Segundo reza o hagiológio cristão, a este Santo se atribui o milagre de haver ressuscitado três meninos escolares, assassinados por um estalajadeiro.
Por tal acção miraculosa foi o Santo elevado à categoria de Patrono dos estudantes, não só em Guimarães como em outros centros escolares em Portugal e no estrangeiro.
Na Universidade inglesa de Oxford, eram dias consagrados os de Santa Escolástica e de S. Nicolau, fazendo parte da solenidade uma refeição a cem estudantes pobres da faculdade de letras.
Idêntica comemoração, religiosa e profana, era dispensada a S. Nicolau pelos estudantes das Universidades na Rússia, em Paris, em Salamanca e em Coimbra.
Neste último centro de estudos o programa Nicolino constava, além do culto interno, de procissões, espectáculos e danças públicas.
Luís de Camões, cuja vida escolar acorreu naquele centro de estudos desde 1530 a 1542, refere-se ao culto de S. Nicolau em Coimbra numa passagem do seu auto dramático El-rei Seleuco[1]. Neste auto sacro o tema decorre à volta do celebrado milagre do Santo — que salvou os três estudantes de serem cozinhados e servidos como petisqueira numa estalagem em terras de França.
Igualmente na vizinha cidade dos Arcebispos era festejado S. Nicolau pelos estudantes, como se vê desta referência registada em um livro da Vereação bracarense, relativo ao século XVII: 
“Acordarão por verem a grande devassidade de pouca cortezia que ha nesta cidade e pouco temor do Snor Deos e da justiça em atirarem cõ laranjas assi aos estudantes de vesporas e dia de S. Nicolao como a outras pessoas desta cidade e termo e estrangeiros atirarem de maneira que as pessoas não ouzão de andar pellas ruas... pello dito dia de S. Nicolao.......................”
Por este modo se comprova que os escolares bracarenses de velhas épocas costumavam festejar com folguedos entrudescos o dia de S. Nicolau — diabruras escolásticas da mocidade que mereceram sanções e posturas proibitivas da edilidade municipal.
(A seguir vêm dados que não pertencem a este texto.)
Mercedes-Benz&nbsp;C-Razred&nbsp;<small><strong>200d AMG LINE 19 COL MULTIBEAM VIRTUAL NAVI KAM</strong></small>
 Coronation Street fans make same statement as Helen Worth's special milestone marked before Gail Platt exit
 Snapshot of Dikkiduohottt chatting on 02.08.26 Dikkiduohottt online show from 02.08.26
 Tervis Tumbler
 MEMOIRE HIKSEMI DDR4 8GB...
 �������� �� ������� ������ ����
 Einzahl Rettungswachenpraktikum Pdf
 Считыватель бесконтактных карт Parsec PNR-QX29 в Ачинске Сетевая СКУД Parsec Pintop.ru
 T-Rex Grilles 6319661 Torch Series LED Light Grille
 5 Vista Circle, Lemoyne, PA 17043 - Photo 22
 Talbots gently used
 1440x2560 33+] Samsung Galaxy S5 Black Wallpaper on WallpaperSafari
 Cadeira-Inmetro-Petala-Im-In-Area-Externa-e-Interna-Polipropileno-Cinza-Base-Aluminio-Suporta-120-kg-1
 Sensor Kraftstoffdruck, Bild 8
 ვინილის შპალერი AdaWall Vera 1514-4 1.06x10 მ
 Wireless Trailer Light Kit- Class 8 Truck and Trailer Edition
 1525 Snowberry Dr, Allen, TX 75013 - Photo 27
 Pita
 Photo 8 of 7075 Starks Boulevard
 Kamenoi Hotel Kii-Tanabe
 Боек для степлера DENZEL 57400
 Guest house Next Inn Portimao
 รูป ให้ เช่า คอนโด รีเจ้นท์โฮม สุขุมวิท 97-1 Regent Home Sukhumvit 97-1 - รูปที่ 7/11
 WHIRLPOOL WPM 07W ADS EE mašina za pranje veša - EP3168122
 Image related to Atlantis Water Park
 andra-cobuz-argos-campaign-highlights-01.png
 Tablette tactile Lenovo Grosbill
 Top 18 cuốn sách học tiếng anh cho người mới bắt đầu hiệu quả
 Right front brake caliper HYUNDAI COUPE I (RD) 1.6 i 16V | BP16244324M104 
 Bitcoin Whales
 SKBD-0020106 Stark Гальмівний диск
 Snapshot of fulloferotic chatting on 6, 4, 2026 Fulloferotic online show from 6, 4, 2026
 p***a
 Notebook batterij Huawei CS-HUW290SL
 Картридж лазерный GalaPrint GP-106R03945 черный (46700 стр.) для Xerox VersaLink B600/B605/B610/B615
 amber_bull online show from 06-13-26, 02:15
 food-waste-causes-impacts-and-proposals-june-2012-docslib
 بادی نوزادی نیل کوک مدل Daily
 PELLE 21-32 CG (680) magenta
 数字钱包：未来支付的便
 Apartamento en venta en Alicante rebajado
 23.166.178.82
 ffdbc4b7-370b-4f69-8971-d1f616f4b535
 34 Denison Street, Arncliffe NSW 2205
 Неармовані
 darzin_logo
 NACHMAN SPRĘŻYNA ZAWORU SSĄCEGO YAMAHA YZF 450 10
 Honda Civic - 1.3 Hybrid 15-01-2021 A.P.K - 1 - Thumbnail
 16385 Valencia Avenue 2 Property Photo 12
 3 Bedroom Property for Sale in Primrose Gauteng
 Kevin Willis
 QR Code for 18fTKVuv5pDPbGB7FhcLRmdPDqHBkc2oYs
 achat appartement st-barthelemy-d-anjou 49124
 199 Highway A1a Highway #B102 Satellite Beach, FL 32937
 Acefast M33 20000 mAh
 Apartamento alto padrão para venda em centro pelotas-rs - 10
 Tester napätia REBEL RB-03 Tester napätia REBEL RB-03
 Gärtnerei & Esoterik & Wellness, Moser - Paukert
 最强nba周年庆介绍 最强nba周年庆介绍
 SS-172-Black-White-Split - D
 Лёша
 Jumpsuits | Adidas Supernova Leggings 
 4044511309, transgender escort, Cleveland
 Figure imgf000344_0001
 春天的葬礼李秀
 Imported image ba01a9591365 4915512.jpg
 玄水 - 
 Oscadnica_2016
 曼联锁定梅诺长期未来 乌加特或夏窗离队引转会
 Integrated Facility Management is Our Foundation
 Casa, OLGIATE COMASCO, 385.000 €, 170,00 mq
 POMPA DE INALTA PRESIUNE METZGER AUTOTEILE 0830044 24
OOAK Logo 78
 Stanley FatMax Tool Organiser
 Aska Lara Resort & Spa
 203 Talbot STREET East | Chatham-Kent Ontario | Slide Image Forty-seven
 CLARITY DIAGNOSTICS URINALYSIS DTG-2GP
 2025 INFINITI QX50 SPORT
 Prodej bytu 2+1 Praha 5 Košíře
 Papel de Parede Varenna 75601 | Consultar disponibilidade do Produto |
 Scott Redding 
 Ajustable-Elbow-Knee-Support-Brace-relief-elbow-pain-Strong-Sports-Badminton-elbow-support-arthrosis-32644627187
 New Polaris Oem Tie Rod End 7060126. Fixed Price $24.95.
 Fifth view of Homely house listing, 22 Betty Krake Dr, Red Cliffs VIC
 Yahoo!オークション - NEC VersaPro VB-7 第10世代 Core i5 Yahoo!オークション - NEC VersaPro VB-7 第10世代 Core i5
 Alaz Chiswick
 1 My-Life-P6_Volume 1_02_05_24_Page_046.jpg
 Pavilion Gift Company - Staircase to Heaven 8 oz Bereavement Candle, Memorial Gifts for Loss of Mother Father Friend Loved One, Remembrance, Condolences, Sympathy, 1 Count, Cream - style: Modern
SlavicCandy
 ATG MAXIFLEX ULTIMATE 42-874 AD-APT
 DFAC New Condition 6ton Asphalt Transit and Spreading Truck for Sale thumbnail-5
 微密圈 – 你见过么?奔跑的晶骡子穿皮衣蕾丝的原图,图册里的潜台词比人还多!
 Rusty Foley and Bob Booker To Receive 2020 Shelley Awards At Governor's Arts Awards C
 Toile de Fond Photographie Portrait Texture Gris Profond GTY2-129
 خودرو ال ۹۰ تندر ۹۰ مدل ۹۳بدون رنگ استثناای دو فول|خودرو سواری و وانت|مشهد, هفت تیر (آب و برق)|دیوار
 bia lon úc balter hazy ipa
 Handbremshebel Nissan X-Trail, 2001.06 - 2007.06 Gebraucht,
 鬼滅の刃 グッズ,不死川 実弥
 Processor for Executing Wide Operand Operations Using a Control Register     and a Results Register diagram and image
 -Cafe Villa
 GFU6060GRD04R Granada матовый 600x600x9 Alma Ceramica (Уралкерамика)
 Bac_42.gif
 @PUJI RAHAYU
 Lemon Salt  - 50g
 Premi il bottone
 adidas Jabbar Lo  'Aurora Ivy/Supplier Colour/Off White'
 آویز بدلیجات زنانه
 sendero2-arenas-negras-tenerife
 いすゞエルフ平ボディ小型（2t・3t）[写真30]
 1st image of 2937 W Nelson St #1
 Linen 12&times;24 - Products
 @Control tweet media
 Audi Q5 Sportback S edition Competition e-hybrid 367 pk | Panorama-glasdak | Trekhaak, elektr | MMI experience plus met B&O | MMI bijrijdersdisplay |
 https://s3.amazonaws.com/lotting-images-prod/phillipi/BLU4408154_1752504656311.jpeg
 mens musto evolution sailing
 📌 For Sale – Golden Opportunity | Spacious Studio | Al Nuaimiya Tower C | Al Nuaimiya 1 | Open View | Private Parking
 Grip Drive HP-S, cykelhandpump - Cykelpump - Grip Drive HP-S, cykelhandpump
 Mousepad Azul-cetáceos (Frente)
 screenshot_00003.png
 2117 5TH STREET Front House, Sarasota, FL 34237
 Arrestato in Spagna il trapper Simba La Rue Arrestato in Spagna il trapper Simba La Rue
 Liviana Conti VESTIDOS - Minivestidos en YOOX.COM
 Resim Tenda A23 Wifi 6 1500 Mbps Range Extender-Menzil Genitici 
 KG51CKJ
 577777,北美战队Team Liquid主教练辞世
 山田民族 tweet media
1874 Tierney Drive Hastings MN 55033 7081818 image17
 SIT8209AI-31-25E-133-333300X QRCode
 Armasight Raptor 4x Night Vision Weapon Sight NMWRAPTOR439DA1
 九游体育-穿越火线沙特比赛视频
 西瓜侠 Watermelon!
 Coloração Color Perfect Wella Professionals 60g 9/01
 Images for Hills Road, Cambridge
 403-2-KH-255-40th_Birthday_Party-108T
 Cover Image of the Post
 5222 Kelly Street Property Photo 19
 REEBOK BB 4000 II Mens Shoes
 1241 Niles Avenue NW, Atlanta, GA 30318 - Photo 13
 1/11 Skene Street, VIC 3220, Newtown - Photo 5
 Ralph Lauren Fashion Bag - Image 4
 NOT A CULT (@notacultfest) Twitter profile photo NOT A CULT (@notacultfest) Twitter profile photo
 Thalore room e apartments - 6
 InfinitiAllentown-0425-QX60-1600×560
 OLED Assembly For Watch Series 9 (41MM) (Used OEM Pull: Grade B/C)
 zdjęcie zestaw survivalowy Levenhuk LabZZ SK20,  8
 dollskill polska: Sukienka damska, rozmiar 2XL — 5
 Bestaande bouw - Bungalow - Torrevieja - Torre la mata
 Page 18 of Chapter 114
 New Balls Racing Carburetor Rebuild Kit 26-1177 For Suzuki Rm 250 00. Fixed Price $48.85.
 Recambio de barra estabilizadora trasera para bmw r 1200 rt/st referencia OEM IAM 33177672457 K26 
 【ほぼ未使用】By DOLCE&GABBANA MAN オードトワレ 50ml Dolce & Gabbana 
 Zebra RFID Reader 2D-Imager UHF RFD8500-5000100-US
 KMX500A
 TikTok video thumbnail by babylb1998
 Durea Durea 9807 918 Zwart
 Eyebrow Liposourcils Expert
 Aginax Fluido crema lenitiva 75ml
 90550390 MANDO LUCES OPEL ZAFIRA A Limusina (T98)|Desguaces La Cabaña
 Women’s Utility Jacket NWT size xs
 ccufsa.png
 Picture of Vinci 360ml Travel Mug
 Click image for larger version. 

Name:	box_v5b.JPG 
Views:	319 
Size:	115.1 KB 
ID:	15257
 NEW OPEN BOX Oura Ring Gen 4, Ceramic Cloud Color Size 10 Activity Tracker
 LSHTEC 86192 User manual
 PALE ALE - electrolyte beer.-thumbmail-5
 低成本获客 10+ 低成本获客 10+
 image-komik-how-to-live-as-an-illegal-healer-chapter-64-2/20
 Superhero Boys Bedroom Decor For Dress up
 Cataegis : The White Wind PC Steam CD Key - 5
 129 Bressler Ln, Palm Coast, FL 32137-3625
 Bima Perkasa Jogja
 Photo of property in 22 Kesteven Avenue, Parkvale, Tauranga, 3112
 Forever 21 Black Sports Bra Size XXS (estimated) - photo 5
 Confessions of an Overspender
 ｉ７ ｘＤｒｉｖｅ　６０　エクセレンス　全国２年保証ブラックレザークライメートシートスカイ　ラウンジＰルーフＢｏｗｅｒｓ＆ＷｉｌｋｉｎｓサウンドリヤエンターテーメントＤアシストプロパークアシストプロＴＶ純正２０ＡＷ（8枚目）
Uma efeméride portuense diz-nos que também o dia de S. Nicolau tinha celebração religiosa, a par da qual os moços escolares —particularmente na freguesia que, aqui no Porto, o tem por orago — promoviam uma festança de magusto, ruidosa e alegre.
Duas porções de castanhas eram oferecidas aos rapazes, alunos da escola paroquial: uma pelo abade da freguesia e outra pela irmandade ali erecta sob a evocação do Santo.
Deste magusto salienta-se a nota pitoresca de os mocinhos escolares, aliados a todo o rapazio da rua, se munirem de campainhas e, em grande algazarra, em bando traquina, percorrerem todo o popular bairro ribeirinho, lançando com o estriduloso ruído das campainhas este apelo pedincheiro:
“Quem dá lenha ou um pau,
P’rá fogueira de S. Nicolau!
Quem dá lenha ou chamiça
Ou a fralda da camisa!”
Recorda um cronista portuense que esta costumeira terminou nos fins do século XIX, e que a ela se associaram, por vezes, mais de três centos de campainhas.
De tudo quanto se sabe em matéria de celebrações Nicolinas, pode concluir-se: — Que nenhum centro escolar, nacional ou estrangeiro, mantém, como a academia vimaranense, uma tradição e programa festivo tão destacante!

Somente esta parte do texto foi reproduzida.